A Few Shell Surprises

Shell scripts are infamous for security issues and surprising behavior. So when possible, it's better to avoid using shell. For instance, we built a container platform using the Bottlerocket OS and we didn't even install shell. If someone needs to run shell, the shell must be run inside a container. That said, shell is still handy for ad hoc scripting. In this post, I'll share a few surprising behaviors I ran into recently.

Silent Failures in Command Substitution

When testing our container platform, we launched containers that ran commands and verified the exit code. For example, we had a test that checked whether exactly one process named foo was running:

1FOO_PID=$(pgrep -c foo); 
2if [ ${FOO_PID} -ne 1 ]; then 
3  exit 1; 
4fi

This test passed consistently—until one day we manually checked and found no foo process running in the container. Oops.

Here's a simplified demo using Docker:

 1% docker run --name check-foo -it busybox /bin/sh -c 'FOO_PID=$(pgrep -c foo); if [ ${FOO_PID} -ne 1 ]; then exit 1; fi'
 2pgrep: invalid option -- 'c'
 3BusyBox v1.37.0 (2024-09-26 21:31:42 UTC) multi-call binary.
 4
 5Usage: pgrep [-flanovx] [-s SID|-P PPID|PATTERN]
 6
 7Display process(es) selected by regex PATTERN
 8
 9        -l      Show command name too
10        -a      Show command line too
11        -f      Match against entire command line
12        -n      Show the newest process only
13        -o      Show the oldest process only
14        -v      Negate the match
15        -x      Match whole name (not substring)
16        -s      Match session ID (0 for current)
17        -P      Match parent process ID
18sh: 1: unknown operand
19
20% docker inspect check-foo --format='{{.State.ExitCode}}'
210

So even though pgrep -c failed (invalid option in BusyBox), the script exited with code 0. Why? Because command substitution ($(...)) runs in a subshell, and its failure doesn't cause the outer shell to exit. Plus, since pgrep didn’t output anything, FOO_PID became an empty string, causing conditional check [ -ne 1 ] to fail.

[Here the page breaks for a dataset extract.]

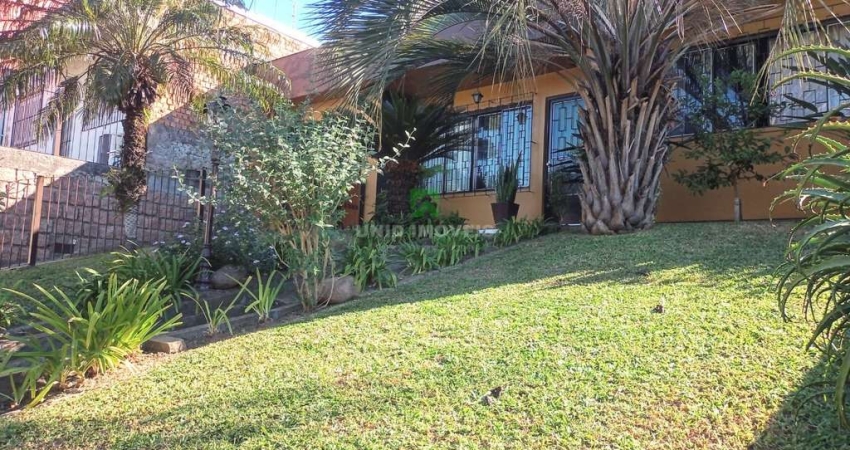 Casa TÉRREA, 4 Dormitórios, 2 Suíte, 7 Vagas, 4 Banheiros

To fix the command, add set -e to the parent shell process to catch error. If your command substitution involves multiple commands, also use set -e inside the substitution:

1x=$(set -e; foo; bar)

Unexpected Exit Code 141 (SIGPIPE)

Here’s another gotcha involving two scripts. First, a.sh prints a Unix timestamp and its human-readable form:

1#!/bin/bash
2
3# a.sh
4set -euo pipefail
5
6TIMESTAMP=$(date +%s)
7echo ${TIMESTAMP}
8echo $(date -u -d @$(echo "${TIMESTAMP} " | bc) +"%Y-%m-%d %H:%M:%S")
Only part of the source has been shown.